El lobo estepario

Hermann Hesse

Fragmento

PRÓLOGO DEL EDITOR

Este libro contiene las anotaciones que dejó aquel hombre a quien, recurriendo a un término que él mismo había utilizado varias veces, llamábamos el “Lobo Estepario”. Dejemos de lado la cuestión acerca de si su manuscrito precisa un prólogo explicativo; en todo caso, soy yo quien tiene la necesidad de agregar algunas hojas a las suyas en las que intento describir cómo lo recuerdo. Es poco lo que sé de él y, sobre todo, su pasado y su origen me siguen resultando desconocidos. Sin embargo, conservo una impresión fuerte de su personalidad y debo decir que, a pesar de todo, siento simpatía por ella.

El Lobo Estepario era un hombre de unos cincuenta años de edad que apareció unos años atrás en la casa de mi tía buscando una habitación amueblada. Alquiló el altillo en el último piso y el pequeño dormitorio de al lado, volvió unos días después con dos valijas y una gran caja con libros y vivió nueve o diez meses con nosotros. Era muy silencioso e introvertido, y si no hubiera sido por la vecindad de nuestros dormitorios, que provocó algunos encuentros casuales en la escalera o en el corredor, es probable que jamás nos hubiésemos conocido, porque este hombre no era sociable. Era insociable en un grado que hasta ahora nunca vi en nadie, era realmente un Lobo Estepario —como se llamaba a sí mismo de a ratos—, un ser ajeno, salvaje y también tímido, incluso muy tímido, que provenía de un mundo diferente al mío. Pero la profundidad de la soledad a la que se había acostumbrado por causa de su disposición y de su destino y la conciencia con la que reconocía a esta soledad como su sino, eso recién lo supe a través de las anotaciones que dejó. Aunque de todas formas, gracias a algunos encuentros y conversaciones breves, lo pude conocer antes, un poco; considero que en el fondo la imagen que obtuve a través de sus anotaciones concuerda con la que —más pálida e incompleta, desde ya— había surgido de nuestra relación personal.

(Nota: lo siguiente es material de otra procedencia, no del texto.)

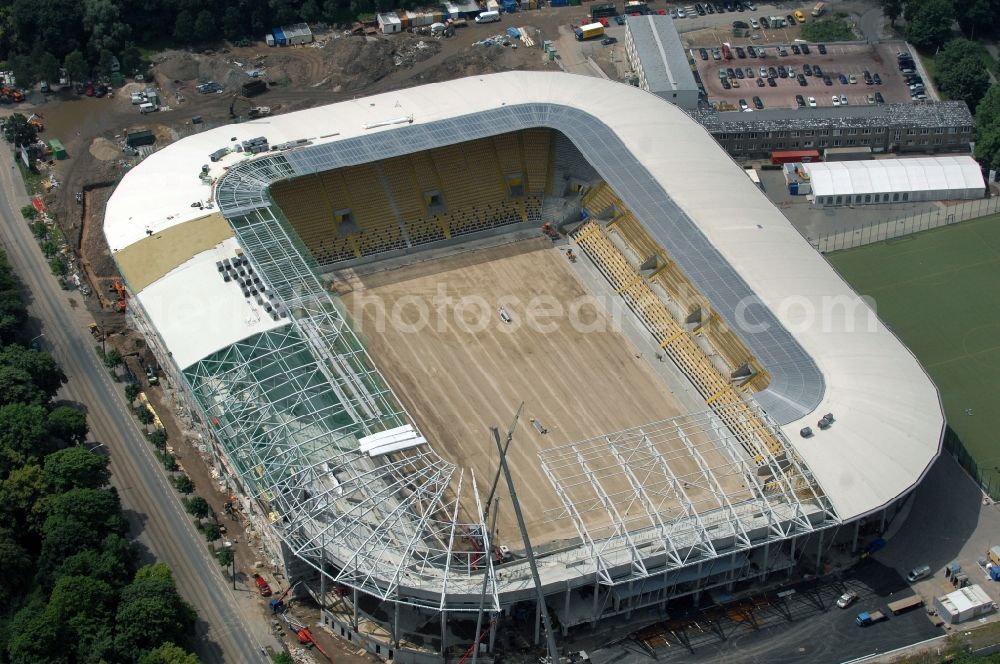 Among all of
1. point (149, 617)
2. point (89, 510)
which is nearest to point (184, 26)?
point (89, 510)

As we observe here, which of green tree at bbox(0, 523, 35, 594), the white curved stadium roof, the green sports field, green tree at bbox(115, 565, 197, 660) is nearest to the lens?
green tree at bbox(115, 565, 197, 660)

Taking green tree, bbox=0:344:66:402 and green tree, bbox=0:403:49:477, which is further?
green tree, bbox=0:344:66:402

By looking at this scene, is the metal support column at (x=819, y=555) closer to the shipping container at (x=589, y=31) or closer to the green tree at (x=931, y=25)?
the green tree at (x=931, y=25)

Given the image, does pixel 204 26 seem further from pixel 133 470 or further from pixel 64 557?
pixel 64 557

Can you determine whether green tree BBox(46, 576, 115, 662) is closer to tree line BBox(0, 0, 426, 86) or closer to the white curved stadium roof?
the white curved stadium roof

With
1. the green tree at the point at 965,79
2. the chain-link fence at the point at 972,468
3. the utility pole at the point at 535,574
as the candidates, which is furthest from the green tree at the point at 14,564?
the green tree at the point at 965,79

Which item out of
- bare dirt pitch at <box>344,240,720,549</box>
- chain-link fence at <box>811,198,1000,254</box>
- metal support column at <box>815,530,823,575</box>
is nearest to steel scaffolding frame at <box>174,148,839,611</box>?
bare dirt pitch at <box>344,240,720,549</box> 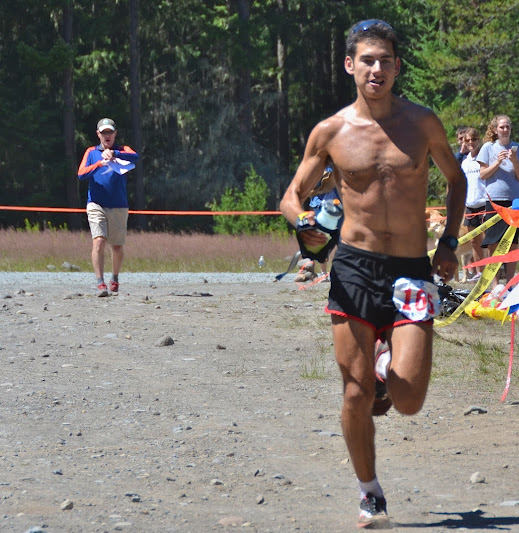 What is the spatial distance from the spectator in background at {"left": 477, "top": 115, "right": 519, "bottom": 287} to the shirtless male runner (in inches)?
294

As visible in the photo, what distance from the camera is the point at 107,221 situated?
1348 cm

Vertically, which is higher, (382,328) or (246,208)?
(382,328)

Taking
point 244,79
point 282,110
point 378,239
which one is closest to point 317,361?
point 378,239

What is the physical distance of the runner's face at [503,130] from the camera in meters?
12.5

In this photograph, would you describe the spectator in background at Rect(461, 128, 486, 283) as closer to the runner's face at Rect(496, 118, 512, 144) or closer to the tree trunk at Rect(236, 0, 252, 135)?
the runner's face at Rect(496, 118, 512, 144)

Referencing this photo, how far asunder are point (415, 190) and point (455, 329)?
20.5 feet

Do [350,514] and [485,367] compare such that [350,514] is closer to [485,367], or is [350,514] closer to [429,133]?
[429,133]

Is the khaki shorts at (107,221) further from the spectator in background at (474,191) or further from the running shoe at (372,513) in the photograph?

Por casualidad estuve presente en el momento en el que el Lobo Estepario entró por primera vez a nuestra casa. Llegó al mediodía, los platos todavía estaban sobre la mesa y a mí me quedaba media hora de tiempo libre antes de tener que volver a la oficina. No olvidé la impresión extraña y muy ambivalente que me produjo en el primer encuentro. Ingresó por la puerta de vidrio, luego de tocar el timbre, y en el pasillo en penumbras la tía le preguntó qué deseaba. Pero él, el Lobo Estepario, había levantado su cabeza angulosa, con pelo corto, olfateando a su alrededor con nariz nerviosa y, antes de responder o dar su nombre, dijo: “Oh, acá huele rico”. Sonrió y la buena de mi tía también sonrió, pero a mí ese saludo me pareció más bien raro y sentí algo en contra de él.

—Bueno —dijo—, vengo por la habitación que tiene para alquilar.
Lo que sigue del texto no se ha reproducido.